For the entries that follow, set down each one exactly and drop any pictures.

Image-caption web data
*** Begin section ***
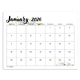 aerial view a group of small monthly desk pad - floral, image 2 of 4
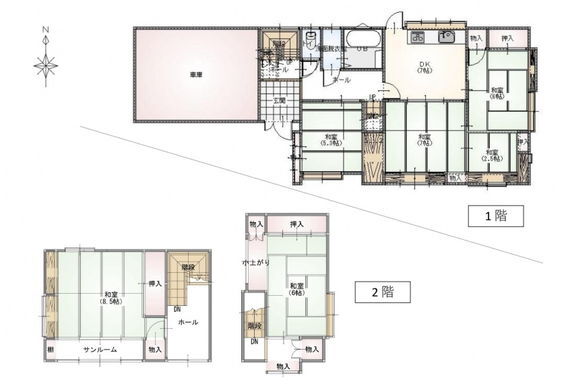 Floor plan for 1960s wood house in Aomori
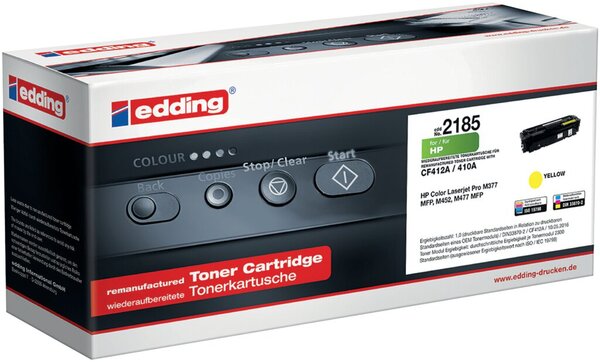 Image EDDING Toner 18-2185 wie HP CF412A gelb (18-2185)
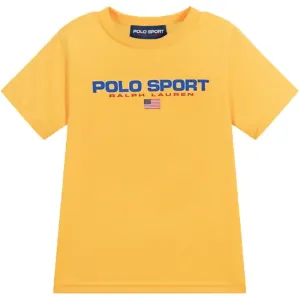 Ralph Lauren Boy's Polo Sport T-shirt Yellow 4 Years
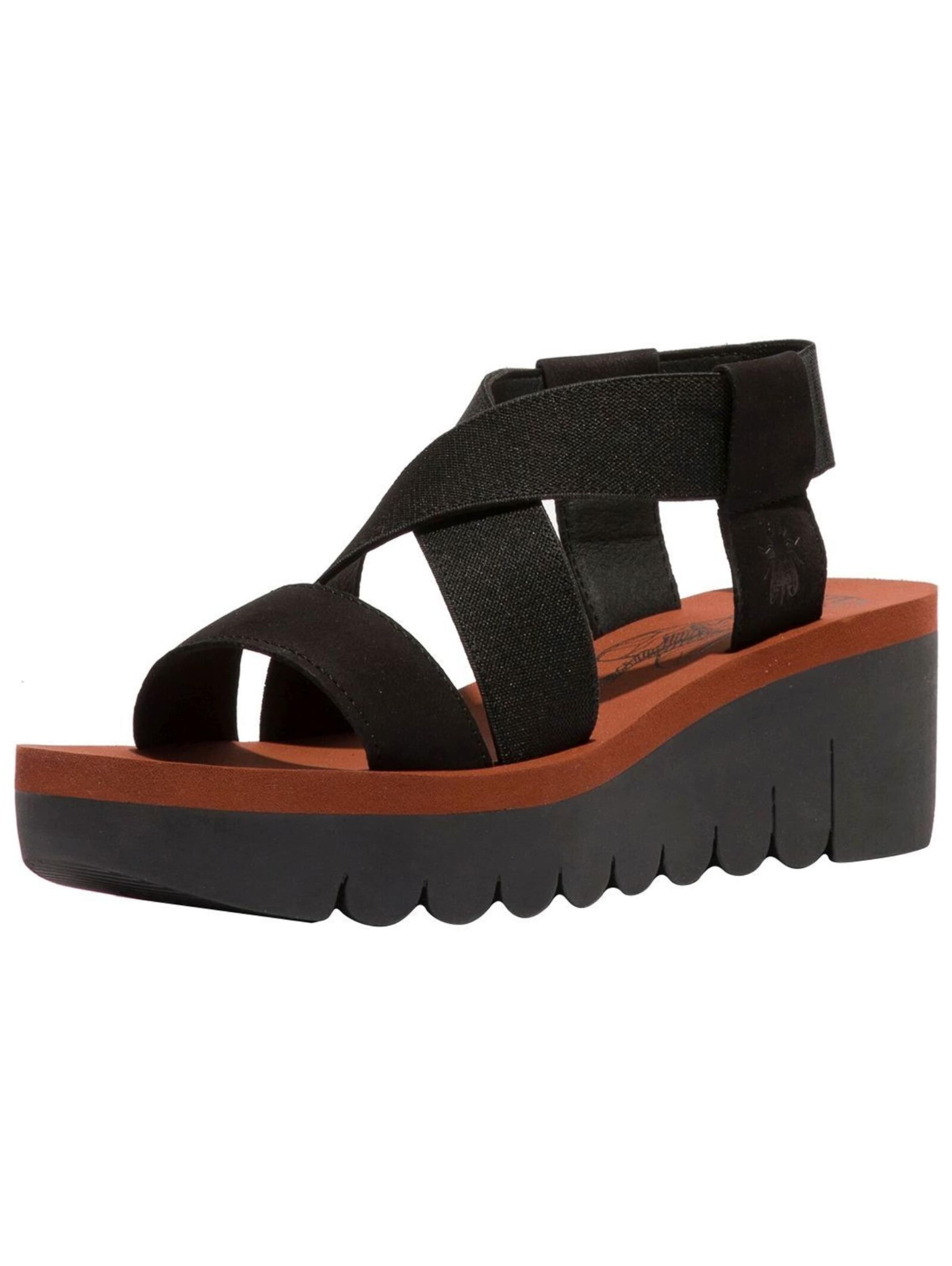 FLY LONDON Sandal in Black: front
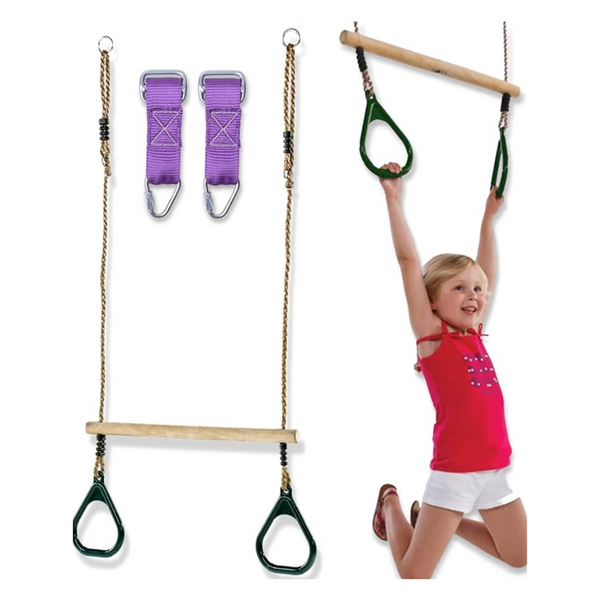 TRAILBLAZE Trapeze Bar Gym Rings | Green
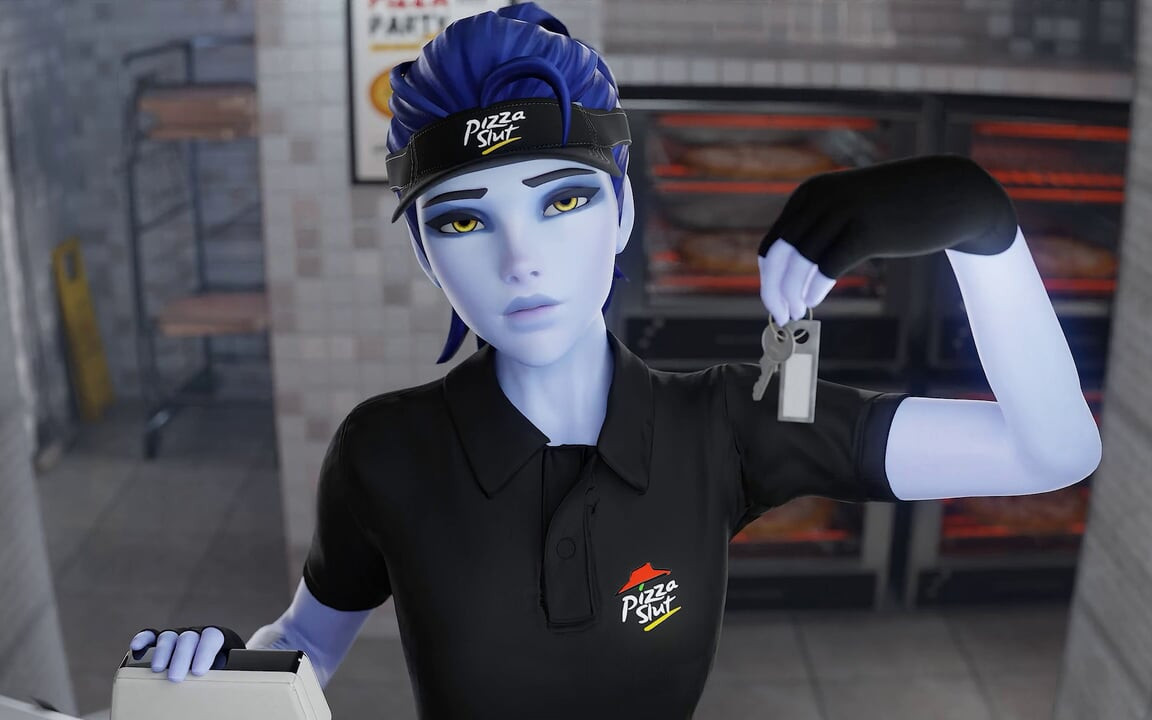 Pizzacı widowmaker büyük zenci yarağı müşterisi ile sikişiyor 3 boyutlu overwatch animasyonu
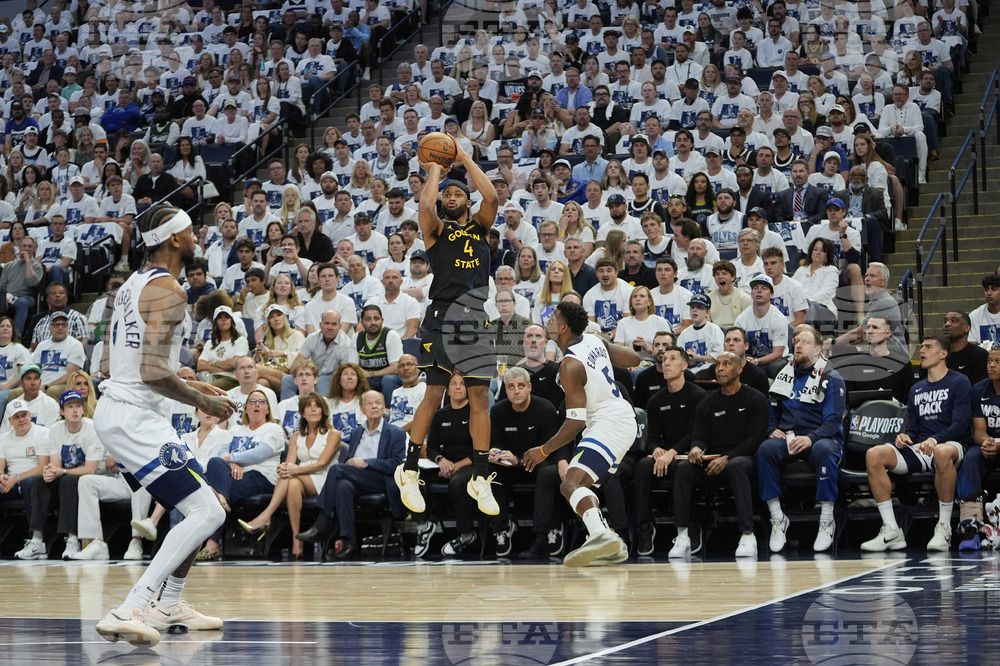 Warriors Timberwolves Basketball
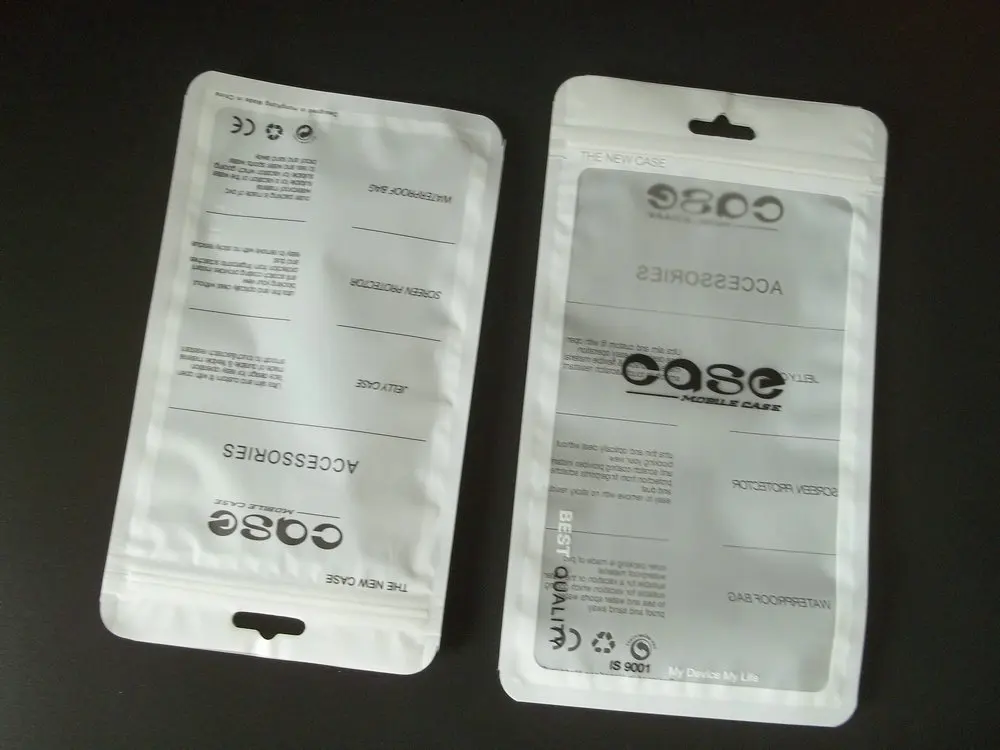 100 шт 12*21 см clearZipper Пластик Розничная упаковка сумка для samsung s5 s6 c6 c7 iphone 5G 6s 6 7 8 плюс Мобильный случаях посылка сумка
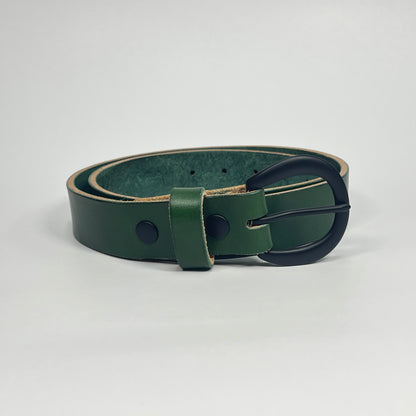 1-1/4" Leather Belt - Green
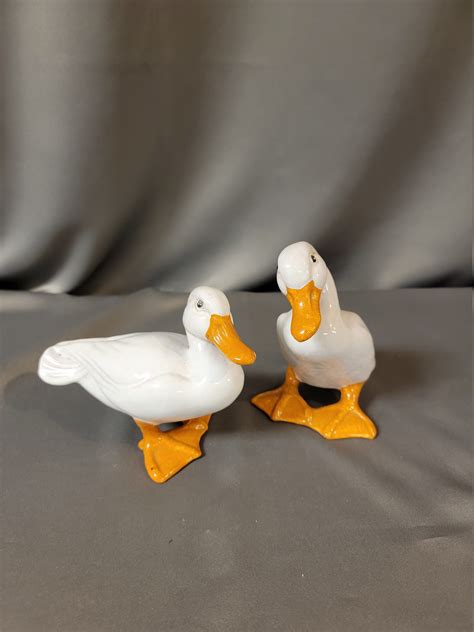 life size ceramic duck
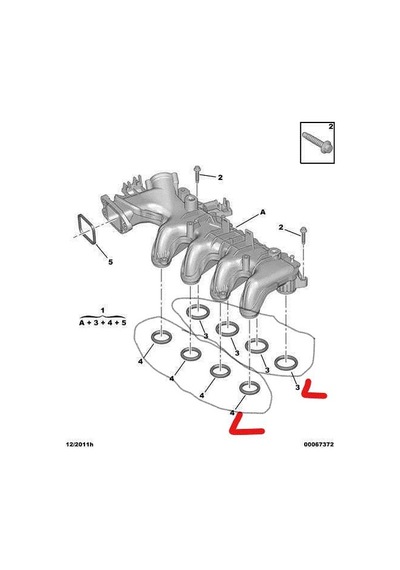 Peugeot Cıtroen Emme Manıfold Contası Takım 8 Adet C2 C3 C4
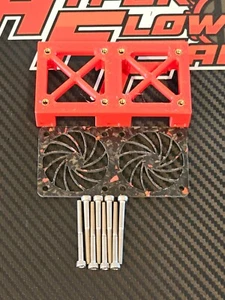 DUAL COOLING 40MM Fan Mount HOBBYWING 70125SD 560KV 70MM RC MOTOR LOSI ARRMA 5T - Picture 1 of 12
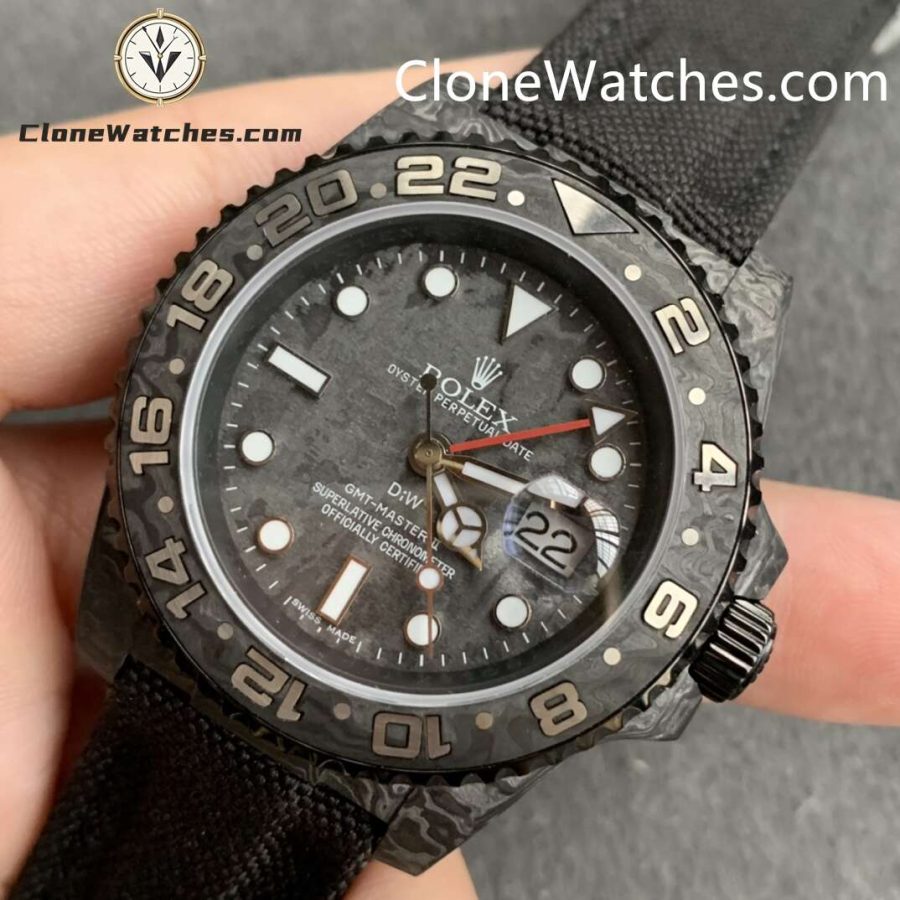 Modified Super Clone Watches 1:1 DIW Rolex GMT Master II NTPT Carbon “ALL BLACK” 3285 Movement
*** End section ***
> **Task response**:
 aerial view a group of small monthly desk pad - floral, image 2 of 4
 Floor plan for 1960s wood house in Aomori
 Image EDDING Toner 18-2185 wie HP CF412A gelb (18-2185)
 Ralph Lauren Boy's Polo Sport T-shirt Yellow 4 Years
 FLY LONDON Sandal in Black: front
 TRAILBLAZE Trapeze Bar Gym Rings | Green
 Pizzacı widowmaker büyük zenci yarağı müşterisi ile sikişiyor 3 boyutlu overwatch animasyonu
 Warriors Timberwolves Basketball
 100 шт 12*21 см clearZipper Пластик Розничная упаковка сумка для samsung s5 s6 c6 c7 iphone 5G 6s 6 7 8 плюс Мобильный случаях посылка сумка
 1-1/4" Leather Belt - Green
 life size ceramic duck
 Peugeot Cıtroen Emme Manıfold Contası Takım 8 Adet C2 C3 C4
 DUAL COOLING 40MM Fan Mount HOBBYWING 70125SD 560KV 70MM RC MOTOR LOSI ARRMA 5T - Picture 1 of 12
 Modified Super Clone Watches 1:1 DIW Rolex GMT Master II NTPT Carbon “ALL BLACK” 3285 Movement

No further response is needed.